I'm a bit new to Scala, so this still looks a little like magic to me :

  • Is this the right way to do it? Any alternatives if it is not?
  • If I have 100 images to download, will this create 100 threads at once, or will it use a thread pool?
  • Will the last instruction (display _) be executed on the main thread, and if not, how can I make sure it is?

Thanks for your advice!

Peoria answered 27/10, 2012 at 6:13 Comment(0)
S
137

Use Futures in Scala 2.10. They were joint work between the Scala team, the Akka team, and Twitter to reach a more standardized future API and implementation for use across frameworks.

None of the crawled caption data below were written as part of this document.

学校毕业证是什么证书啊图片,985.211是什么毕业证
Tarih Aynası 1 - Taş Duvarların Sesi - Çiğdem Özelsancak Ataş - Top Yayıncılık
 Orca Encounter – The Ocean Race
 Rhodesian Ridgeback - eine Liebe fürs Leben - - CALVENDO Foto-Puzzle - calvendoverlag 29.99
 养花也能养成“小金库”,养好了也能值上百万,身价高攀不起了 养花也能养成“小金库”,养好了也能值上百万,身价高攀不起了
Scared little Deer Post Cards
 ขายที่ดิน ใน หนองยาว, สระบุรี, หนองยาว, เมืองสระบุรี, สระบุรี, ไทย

We just published a guide at: http://docs.scala-lang.org/overviews/core/futures.html

Beyond being completely non-blocking (by default, though we provide the ability to do managed blocking operations) and composable, Scala's 2.10 futures come with an implicit thread pool to execute your tasks on, as well as some utilities to manage time outs.

import scala.concurrent.{future, blocking, Future, Await, ExecutionContext.Implicits.global}
import scala.concurrent.duration._

// Retrieve URLs from somewhere
val urls: List[String] = ...

// Download image (blocking operation)
val imagesFuts: List[Future[...]] = urls.map {
  url => future { blocking { download url } }
}

// Do something (display) when complete
val futImages: Future[List[...]] = Future.sequence(imagesFuts)
Await.result(futImages, 10 seconds).foreach(display)

Above, we first import a number of things:

  • future: API for creating a future.
  • blocking: API for managed blocking.
  • Future: Future companion object which contains a number of useful methods for collections of futures.
  • Await: singleton object used for blocking on a future (transferring its result to the current thread).
  • ExecutionContext.Implicits.global: the default global thread pool, a ForkJoin pool.
  • duration._: utilities for managing durations for time outs.

imagesFuts remains largely the same as what you originally did- the only difference here is that we use managed blocking- blocking. It notifies the thread pool that the block of code you pass to it contains long-running or blocking operations. This allows the pool to temporarily spawn new workers to make sure that it never happens that all of the workers are blocked. This is done to prevent starvation (locking up the thread pool) in blocking applications. Note that the thread pool also knows when the code in a managed blocking block is complete- so it will remove the spare worker thread at that point, which means that the pool will shrink back down to its expected size.

(If you want to absolutely prevent additional threads from ever being created, then you ought to use an AsyncIO library, such as Java's NIO library.)

Then we use the collection methods of the Future companion object to convert imagesFuts from List[Future[...]] to a Future[List[...]].

The Await object is how we can ensure that display is executed on the calling thread-- Await.result simply forces the current thread to wait until the future that it is passed is completed. (This uses managed blocking internally.)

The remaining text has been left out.